*** DATA SUPPLIED ***

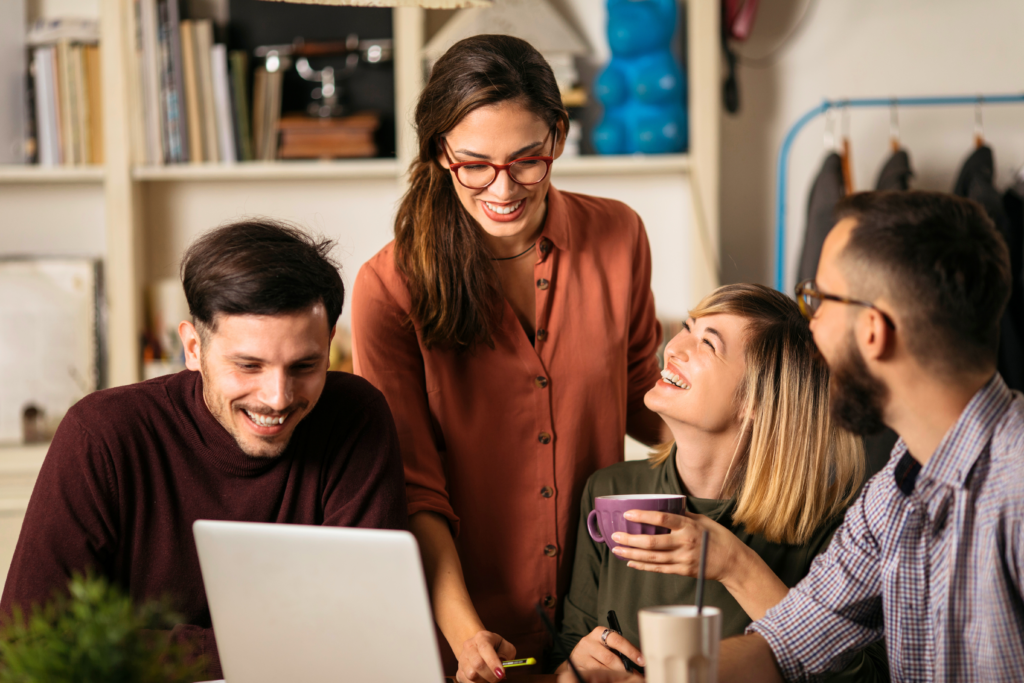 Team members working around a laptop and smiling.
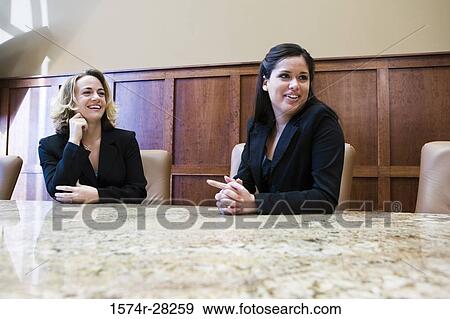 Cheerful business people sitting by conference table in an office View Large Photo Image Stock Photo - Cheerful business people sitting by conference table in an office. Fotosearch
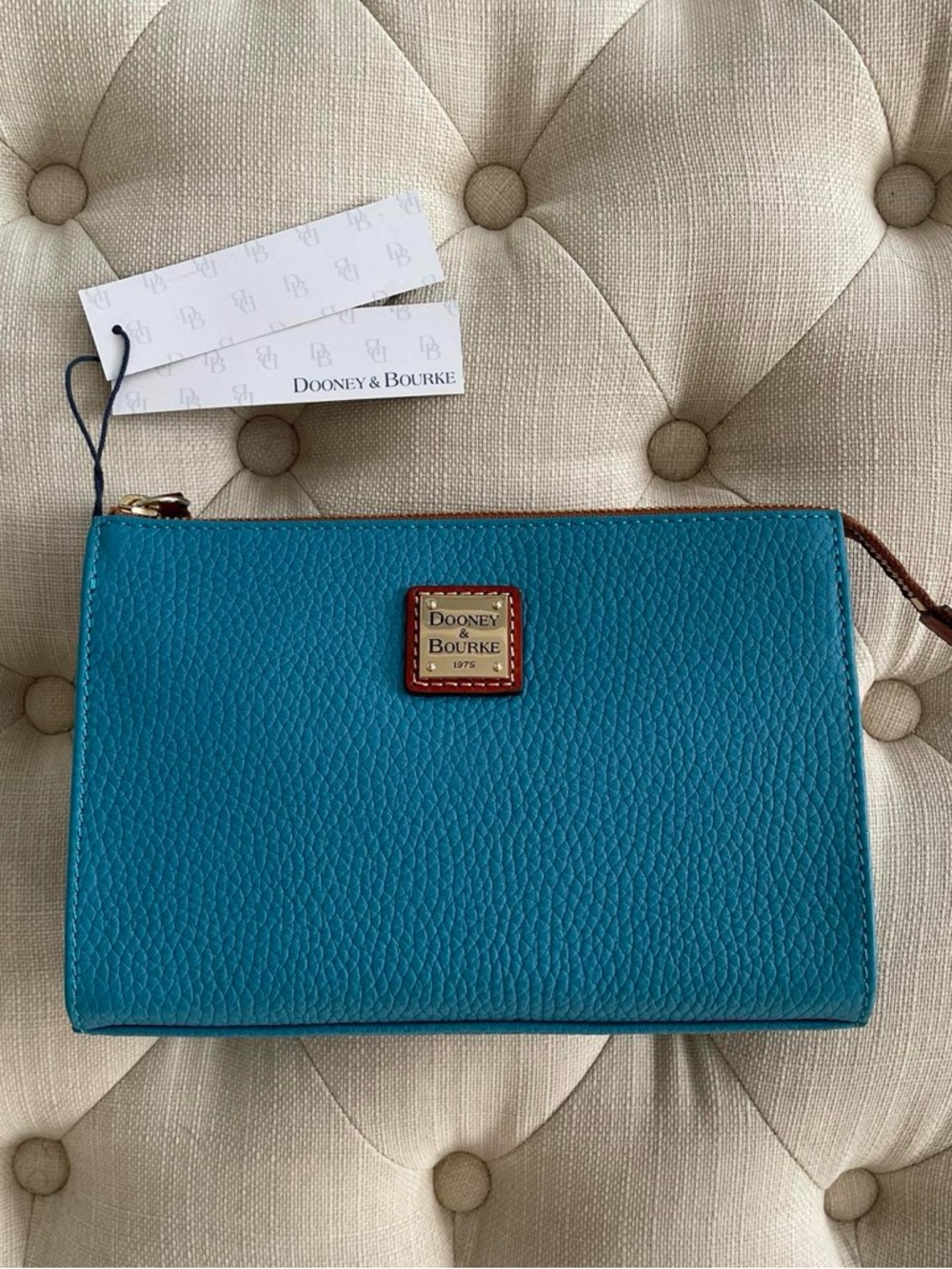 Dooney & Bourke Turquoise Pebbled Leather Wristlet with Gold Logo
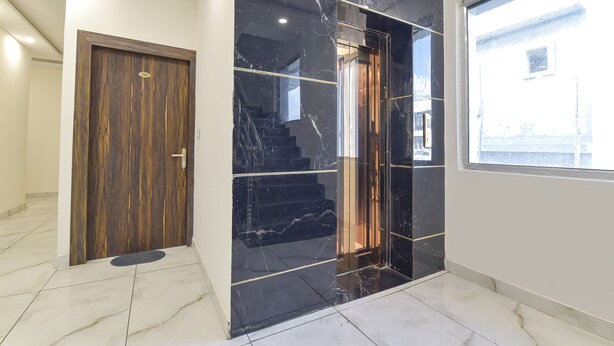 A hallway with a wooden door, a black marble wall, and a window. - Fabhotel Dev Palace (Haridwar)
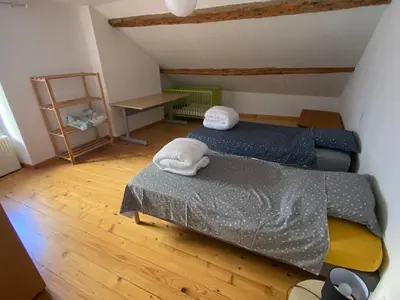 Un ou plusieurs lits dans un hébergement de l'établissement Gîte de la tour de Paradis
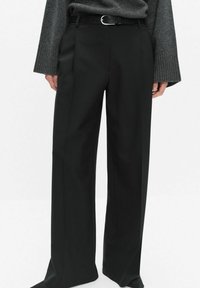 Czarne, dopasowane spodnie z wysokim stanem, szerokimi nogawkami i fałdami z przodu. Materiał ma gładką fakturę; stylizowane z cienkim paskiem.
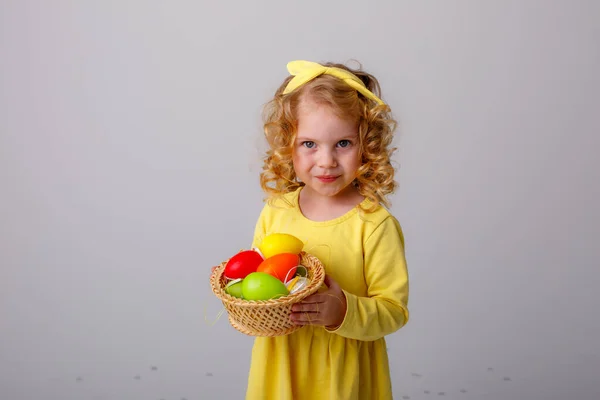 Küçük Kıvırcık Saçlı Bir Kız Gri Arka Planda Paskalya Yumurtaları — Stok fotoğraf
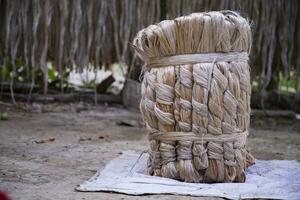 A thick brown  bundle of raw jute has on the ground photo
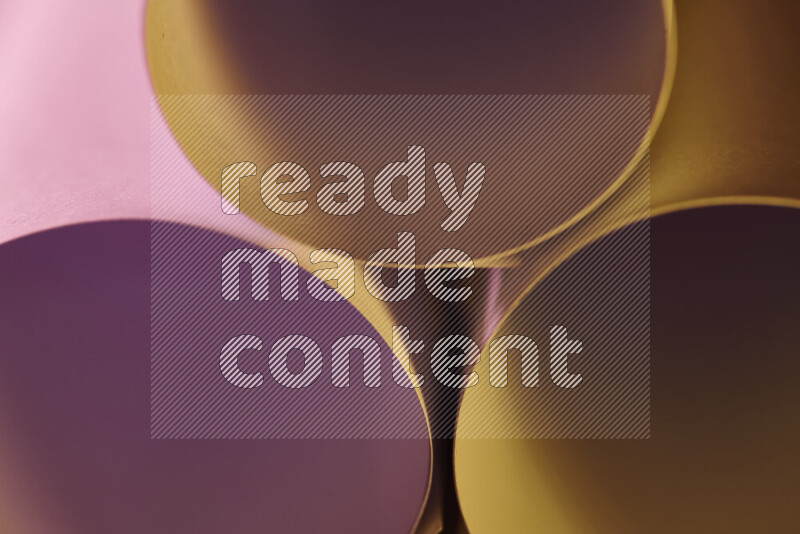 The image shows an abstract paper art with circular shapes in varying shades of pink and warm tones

*** End of DATA SUPPLIED ***
*** DATA SUPPLIED ***

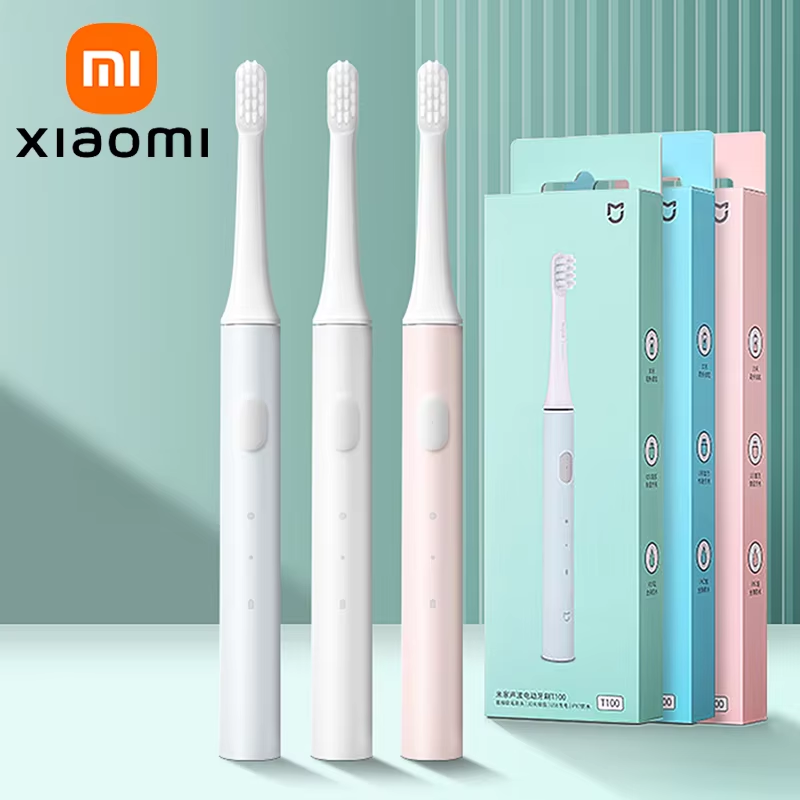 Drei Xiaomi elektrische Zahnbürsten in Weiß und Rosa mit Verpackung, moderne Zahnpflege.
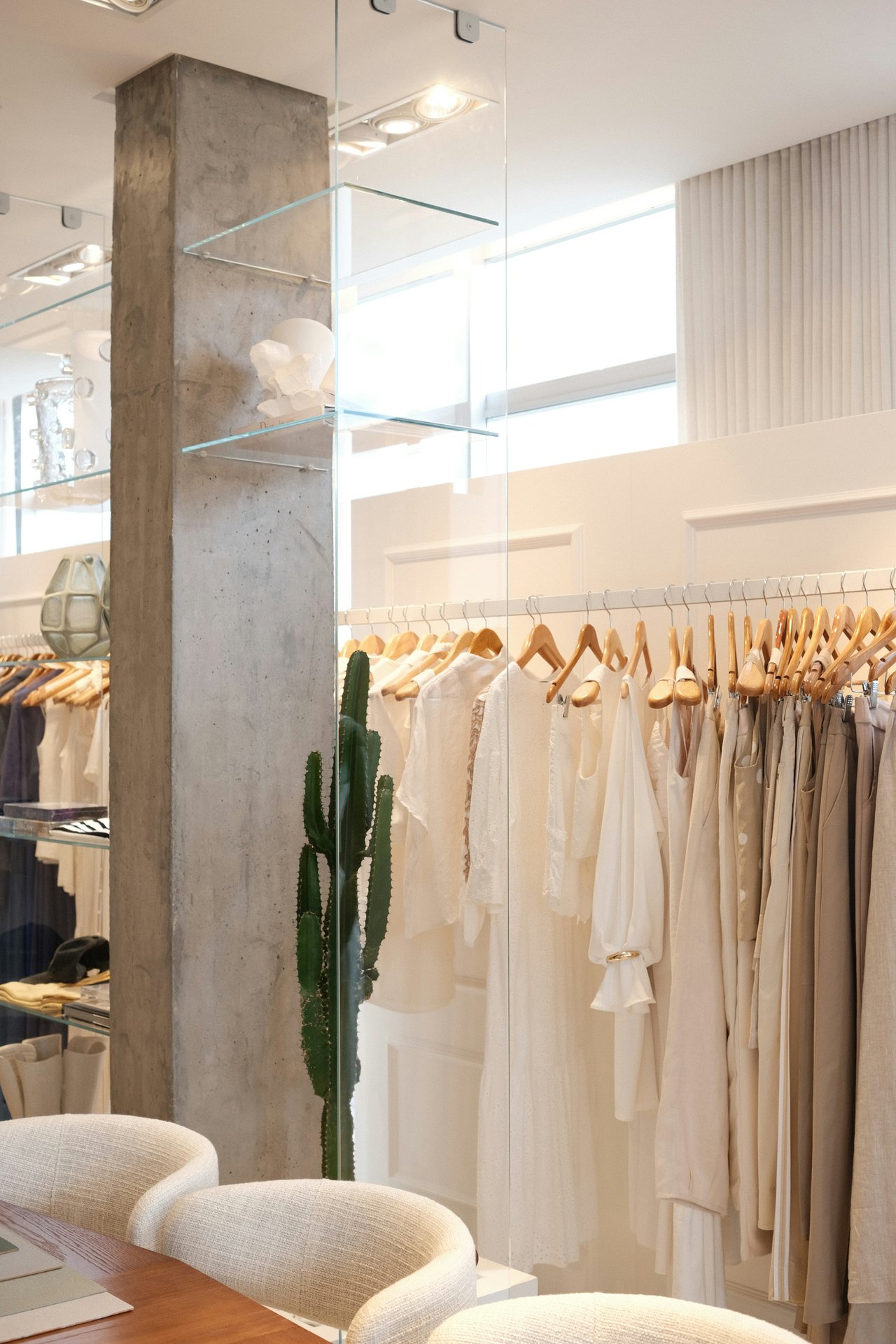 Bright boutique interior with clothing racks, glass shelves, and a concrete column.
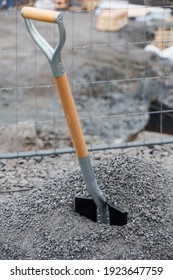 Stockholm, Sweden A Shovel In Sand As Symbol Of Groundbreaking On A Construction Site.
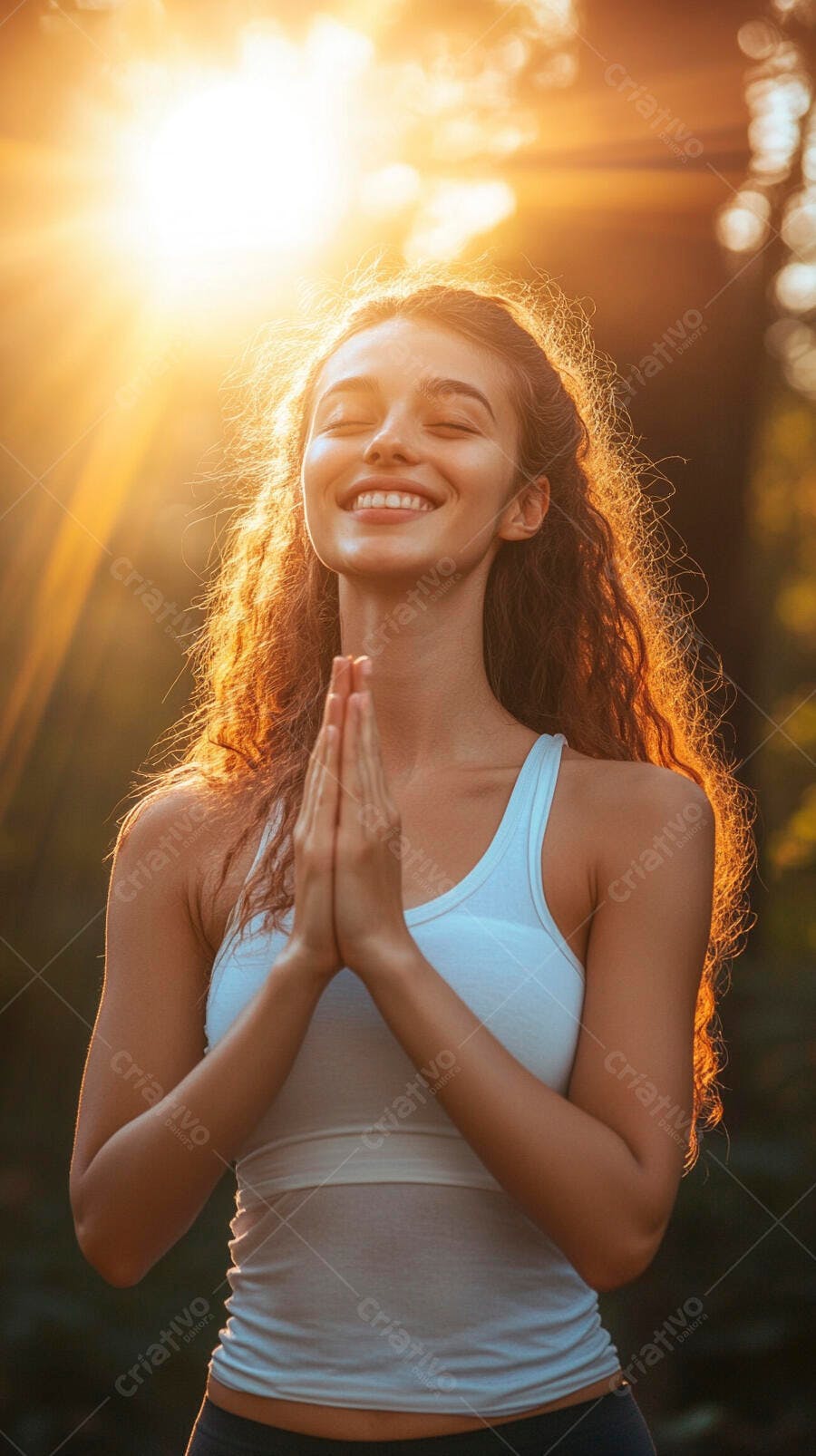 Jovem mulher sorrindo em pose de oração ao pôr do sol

*** End of DATA SUPPLIED ***

TASK INSTRUCTIONS » Range to copy from the listing above: the line containing "Team members working" down to the line containing "The image shows", both included. Reproduce it exactly, minus the pictures, and add nothing.

SOLUTION FOR THIS EXERCISE »
 Team members working around a laptop and smiling.
 Cheerful business people sitting by conference table in an office View Large Photo Image Stock Photo - Cheerful business people sitting by conference table in an office. Fotosearch
 Dooney & Bourke Turquoise Pebbled Leather Wristlet with Gold Logo
 A hallway with a wooden door, a black marble wall, and a window. - Fabhotel Dev Palace (Haridwar)
 Un ou plusieurs lits dans un hébergement de l'établissement Gîte de la tour de Paradis
 Czarne, dopasowane spodnie z wysokim stanem, szerokimi nogawkami i fałdami z przodu. Materiał ma gładką fakturę; stylizowane z cienkim paskiem.
 Küçük Kıvırcık Saçlı Bir Kız Gri Arka Planda Paskalya Yumurtaları — Stok fotoğraf
 A thick brown  bundle of raw jute has on the ground photo
 The image shows an abstract paper art with circular shapes in varying shades of pink and warm tones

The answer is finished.